What we deliberately changed

Here's where it gets interesting, because the places we diverged taught me as much as the places we copied. And almost all of them trace to one fact: OpenClaw assumes a technical operator. We assume a normie.

OpenClaw is built for someone who's comfortable with files — a developer, an operator, a person who'll happily open a directory and edit a config. Our user is someone who has never thought about a file in their life and never will. That single difference reshapes everything downstream.

The agent self-curates; the user never touches the files. In OpenClaw's world, a human might tend the agent's memory directly — prune it, organize it, fix it. Our user can't and shouldn't. So the agent has to do its own housekeeping, and the discipline for that has to be baked into its prose. The glass box is read-only at the surface precisely because the person reading it isn't an operator. They change things by asking, not by editing.

Transparency means something different for us. For OpenClaw's technical user, visibility is about control — see the machinery so you can operate it. For our user, visibility is about trust — see the machinery so you can believe it. Same transparency, opposite purpose. That reframing is why we lean on the glass box as an emotional feature, not a power-user one.

We don't import the continuous-agent vocabulary. OpenClaw, like a lot of agent runtimes, thinks in terms of an always-on process — loops, daemons, the agent "running" in the background. We deliberately don't. Our pal isn't a process humming away; it's a someone you talk to, that does things when you talk to it, with a few carefully-chosen proactive moments. Every time I caught myself importing "the agent wakes up on a cron and does maintenance," it turned out to be wrong for a relationship. The test I use now: "would OpenClaw need this because it's a runtime, or do I need this because it's a friend?" If it's the former, I usually don't.

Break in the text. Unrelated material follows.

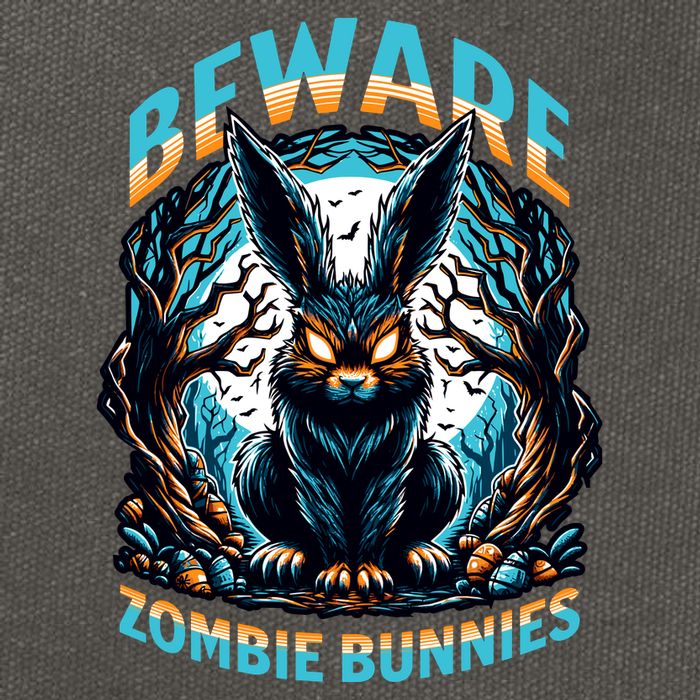 Zombie Bunnies Cotton Canvas Backpack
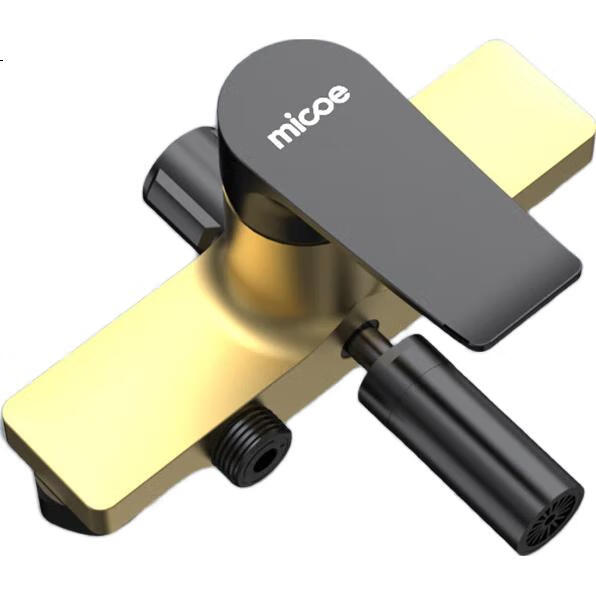 Душевой комплект MICOE, латунный корпус, верхний душ с функцией усиления напора, многофункциональная съемная лейка и ручной душ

The part we couldn't take — and didn't want to

This is the honest center of the essay. We don't run on OpenClaw. Our stack is deliberately boring and entirely our own — a plain server, a document database, server-rendered pages, no framework. I ship solo, with Claude Code as the hands, and I ship fast — and that means owning every layer rather than inheriting a runtime whose internals we'd have to learn to debug at 2am.

So we took the ideas — which are the valuable part, and which are MIT-licensed and meant to be shared — and we left the implementation, which was built for a different user on a different foundation. That's not a knock on OpenClaw; it's the right way to honor an open-source project whose contribution is conceptual. The patterns travel. The code didn't need to.

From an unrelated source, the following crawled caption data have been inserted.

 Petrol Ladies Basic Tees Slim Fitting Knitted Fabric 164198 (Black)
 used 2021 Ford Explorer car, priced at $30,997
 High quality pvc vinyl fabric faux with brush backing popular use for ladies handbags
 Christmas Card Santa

If you want to see the source of the thinking, it's worth your time: the project is at github.com/openclaw/openclaw. What you'll find there isn't pal.fun — it's the deeper, more general thing pal.fun is one application of. Identity-as-markdown, context-as-code, persona-via-prose. We just pointed it at one specific dream: the first agent a normal person ever actually trusts.

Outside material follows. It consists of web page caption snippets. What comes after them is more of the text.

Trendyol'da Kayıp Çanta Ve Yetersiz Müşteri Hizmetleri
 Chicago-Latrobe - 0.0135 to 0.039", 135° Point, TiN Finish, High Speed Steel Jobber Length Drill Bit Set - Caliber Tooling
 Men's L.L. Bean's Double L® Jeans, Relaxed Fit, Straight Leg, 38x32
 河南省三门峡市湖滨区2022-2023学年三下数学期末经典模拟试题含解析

The lesson under the lesson

The meta-point here is about how to learn from a great codebase — or, in my case, how to have an agent learn it for you. You don't fork it and you don't ignore it. You read it until you understand why each decision was made, separate the timeless idea from the local implementation choice, and rebuild the idea for your own constraints. The invention we got from OpenClaw wasn't a runtime. It was a way of thinking about what an agent is — and that's the kind of thing that's better re-implemented than imported, because re-implementing it is how you actually learn it.